Credit Events
Posted on February 14th, 2008 in Credit, Loan Funds, Trust Funds, bond, swap |
Credit default products have a payout that is contingent upon a credit event occurring. The ISDA provides definitions of what credit events are. The 1999 ISDA Credit Derivatives Definitions (referred to as the “1999 Definitions“) provides a list of eight credit events: (1) bankruptcy, (2) credit event upon merger, (3) cross acceleration, (4) cross default, (5) downgrade, (6) failure to pay, (7) repudiation/moratorium, and (8) restructuring. These eight events attempt to capture every type of situation that could cause the credit quality of the reference entity to deteriorate, or cause the value of the reference obligation to decline.
Bankruptcy is defined as a variety of acts that are associated with bankruptcy or insolvency laws.
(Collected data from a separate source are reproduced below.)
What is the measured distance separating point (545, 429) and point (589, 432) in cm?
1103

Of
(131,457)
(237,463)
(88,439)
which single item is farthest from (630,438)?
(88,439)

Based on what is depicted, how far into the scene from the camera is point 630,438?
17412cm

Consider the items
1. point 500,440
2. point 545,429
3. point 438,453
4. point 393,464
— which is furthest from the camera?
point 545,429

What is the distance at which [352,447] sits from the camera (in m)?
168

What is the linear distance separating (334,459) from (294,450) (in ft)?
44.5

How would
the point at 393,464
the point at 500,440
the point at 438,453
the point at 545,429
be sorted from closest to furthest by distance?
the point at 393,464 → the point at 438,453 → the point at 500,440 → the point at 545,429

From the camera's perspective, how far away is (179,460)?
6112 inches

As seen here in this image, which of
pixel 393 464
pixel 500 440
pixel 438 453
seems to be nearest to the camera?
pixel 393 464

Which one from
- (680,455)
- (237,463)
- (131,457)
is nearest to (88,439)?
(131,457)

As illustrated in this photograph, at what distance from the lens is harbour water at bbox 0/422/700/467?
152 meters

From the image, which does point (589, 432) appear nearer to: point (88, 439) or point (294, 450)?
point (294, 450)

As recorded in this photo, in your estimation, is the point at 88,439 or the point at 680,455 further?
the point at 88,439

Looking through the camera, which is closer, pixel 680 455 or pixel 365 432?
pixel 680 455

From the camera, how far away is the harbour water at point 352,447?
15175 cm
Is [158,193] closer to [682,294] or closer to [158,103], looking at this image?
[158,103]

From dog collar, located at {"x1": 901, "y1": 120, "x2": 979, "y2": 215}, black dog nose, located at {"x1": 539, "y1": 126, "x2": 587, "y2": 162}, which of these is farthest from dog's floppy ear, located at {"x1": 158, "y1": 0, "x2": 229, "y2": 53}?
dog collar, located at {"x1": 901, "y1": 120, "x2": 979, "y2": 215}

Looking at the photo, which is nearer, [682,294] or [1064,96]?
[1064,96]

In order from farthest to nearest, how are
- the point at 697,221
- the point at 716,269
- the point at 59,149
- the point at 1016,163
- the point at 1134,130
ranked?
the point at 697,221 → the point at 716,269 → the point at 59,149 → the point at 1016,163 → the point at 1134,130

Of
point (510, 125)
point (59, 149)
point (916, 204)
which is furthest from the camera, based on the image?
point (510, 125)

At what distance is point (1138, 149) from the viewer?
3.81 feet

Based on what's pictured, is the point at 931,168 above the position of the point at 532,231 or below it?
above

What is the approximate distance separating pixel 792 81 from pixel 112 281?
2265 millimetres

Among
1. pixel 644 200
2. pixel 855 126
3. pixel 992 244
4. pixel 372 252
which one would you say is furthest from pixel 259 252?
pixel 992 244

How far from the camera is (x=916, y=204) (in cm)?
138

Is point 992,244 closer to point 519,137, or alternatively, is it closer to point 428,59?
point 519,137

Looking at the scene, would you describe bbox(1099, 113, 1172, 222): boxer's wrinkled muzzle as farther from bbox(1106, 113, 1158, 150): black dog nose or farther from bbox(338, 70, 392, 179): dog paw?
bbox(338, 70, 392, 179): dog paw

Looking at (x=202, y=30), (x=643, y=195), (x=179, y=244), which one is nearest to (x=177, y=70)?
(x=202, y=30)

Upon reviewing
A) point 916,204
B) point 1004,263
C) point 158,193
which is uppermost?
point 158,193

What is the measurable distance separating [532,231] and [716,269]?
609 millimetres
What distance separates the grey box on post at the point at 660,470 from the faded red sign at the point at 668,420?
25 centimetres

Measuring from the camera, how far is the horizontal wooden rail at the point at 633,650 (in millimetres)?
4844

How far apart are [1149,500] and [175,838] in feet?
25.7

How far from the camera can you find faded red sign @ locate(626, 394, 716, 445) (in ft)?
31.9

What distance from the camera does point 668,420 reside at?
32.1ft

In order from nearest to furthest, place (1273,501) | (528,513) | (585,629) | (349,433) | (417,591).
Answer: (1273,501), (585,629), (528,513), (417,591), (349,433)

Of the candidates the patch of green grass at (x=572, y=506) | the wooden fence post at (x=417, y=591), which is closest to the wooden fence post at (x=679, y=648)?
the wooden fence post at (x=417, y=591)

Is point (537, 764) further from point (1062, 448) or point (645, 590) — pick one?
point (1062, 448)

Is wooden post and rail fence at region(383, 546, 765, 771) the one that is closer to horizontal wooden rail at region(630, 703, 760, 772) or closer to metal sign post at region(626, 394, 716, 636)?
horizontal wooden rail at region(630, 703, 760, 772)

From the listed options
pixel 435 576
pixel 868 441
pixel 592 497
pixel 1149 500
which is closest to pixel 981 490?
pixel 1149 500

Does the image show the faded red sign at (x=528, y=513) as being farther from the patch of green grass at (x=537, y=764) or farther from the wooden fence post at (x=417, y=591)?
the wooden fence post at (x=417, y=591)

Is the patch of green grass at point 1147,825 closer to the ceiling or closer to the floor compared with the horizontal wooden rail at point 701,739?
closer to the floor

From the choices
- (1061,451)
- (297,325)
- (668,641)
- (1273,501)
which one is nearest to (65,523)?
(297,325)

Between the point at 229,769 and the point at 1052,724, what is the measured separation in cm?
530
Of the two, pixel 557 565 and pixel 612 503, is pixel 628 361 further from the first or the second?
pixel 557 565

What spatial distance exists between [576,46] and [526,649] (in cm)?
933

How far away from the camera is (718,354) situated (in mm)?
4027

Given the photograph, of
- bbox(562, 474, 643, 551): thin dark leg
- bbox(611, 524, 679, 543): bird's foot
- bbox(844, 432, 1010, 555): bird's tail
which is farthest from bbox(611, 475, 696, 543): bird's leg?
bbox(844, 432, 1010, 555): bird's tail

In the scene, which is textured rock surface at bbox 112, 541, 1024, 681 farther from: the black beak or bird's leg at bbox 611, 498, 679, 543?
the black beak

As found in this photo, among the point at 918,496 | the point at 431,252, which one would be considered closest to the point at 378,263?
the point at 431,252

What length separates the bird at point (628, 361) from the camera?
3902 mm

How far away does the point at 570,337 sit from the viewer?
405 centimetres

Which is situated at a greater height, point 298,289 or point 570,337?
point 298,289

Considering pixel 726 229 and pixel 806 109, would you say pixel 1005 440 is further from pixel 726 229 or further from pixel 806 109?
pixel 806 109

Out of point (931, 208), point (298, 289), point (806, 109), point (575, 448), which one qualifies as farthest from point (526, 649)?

Failure to pay results when a reference entity fails to make one or more required payments when due. When a reference entity breaches a covenant, it has defaulted on its obligation.
When a default occurs, the obligation becomes due and payable prior to the scheduled due date had the reference entity not defaulted. This is referred to as an obligation acceleration. A reference entity may disaffirm or challenge the validity of its obligation. This is a credit event that is covered by repudiation/moratorium.
The most controversial credit event that may be included in a credit default product is restructuring of an obligation. A restructuring occurs when the terms of the obligation are altered so as to make the new terms less attractive to the debt holder than the original terms. The terms that can be changed would typically include, but are not limited to, one or more of the following: (1) a reduction in the interest rate, (2) a reduction in the principal, (3) a rescheduling of the principal repayment schedule (e.g., lengthening the maturity of the obligation) or postponement of an interest payment, or (4) a change in the level of seniority of the obligation in the reference entity’s debt structure.
The reason why restructuring is so controversial is a protection buyer benefits from the inclusion of restructuring as a credit event and feels that eliminating restructuring as a credit event will erode its credit protection. The protection seller, in contrast, would prefer not to include restructuring since even routine modifications of obligations that occur in lending arrangements would trigger a payout to the protection buyer. Moreover, if the reference obligation is a loan and the protection buyer is the lender, there is a dual benefit for the protection buyer to restructure a loan. The first benefit is that the protection buyer receives a payment from the protection seller. Second, the accommodating restructuring fosters a relationship between the lender (who is the protection buyer) and its customer (the corporate entity that is the obligor of the reference obligation).
Because of this problem, the Restructuring Supplement to the 1999 ISDA Credit Derivatives Definitions (the “Supplement Definition”) issued in April 2001 provided a modified definition for restructuring. There is a provision for the limitation on reference obligations in connection with restructuring of loans made by the protection buyer to the borrower that is the obligor of the reference obligation. This provision requires the following in order to qualify for a restructuring: (1) there must be four or more holders of the reference obligation and (2) there must be a consent to the restructuring of the reference obligation by a supermajority (66 2/3%). In addition, the supplement limits the maturity of reference obligations that are physically deliverable when restructuring results in a payout triggered by the protection buyer.
As the credit derivatives market developed, market participants learned a great deal about how to better define credit events, particularly with the record level of high- yield corporate bond default rates in 2002, and the sovereign defaults, particularly the experience with the 2001-2002 Argentina debt crisis. In January 2003, the ISDA published its revised credit events definitions in the 2003 ISDA Credit Derivative Definitions (referred to as the “2003 Definitions“).The revised definitions reflected amendments to several of the definitions for credit events set forth in the 1999 Definitions. Specifically, there were amendments for bankruptcy, repudiation, and restructuring.
The major change was to restructuring, whereby the ISDA allows parties to a given trade to select from among the following four definitions: (1) no restructuring; (2) “full” or *old” restructuring, which is based on the 1998 Definitions; (3) “modified restructuring,” which is based on the Supplement Definition; and (4) “modified modified restructuring.” The last choice is new and was included to address issues that arose in the European market.
The ISDA’s confirmation form for credit derivative transactions, “Exhibit A to 2003 ISDA Credit Derivatives Definitions,” sets forth the terms and conditions for the transaction. The definitions for a credit event are in check box format.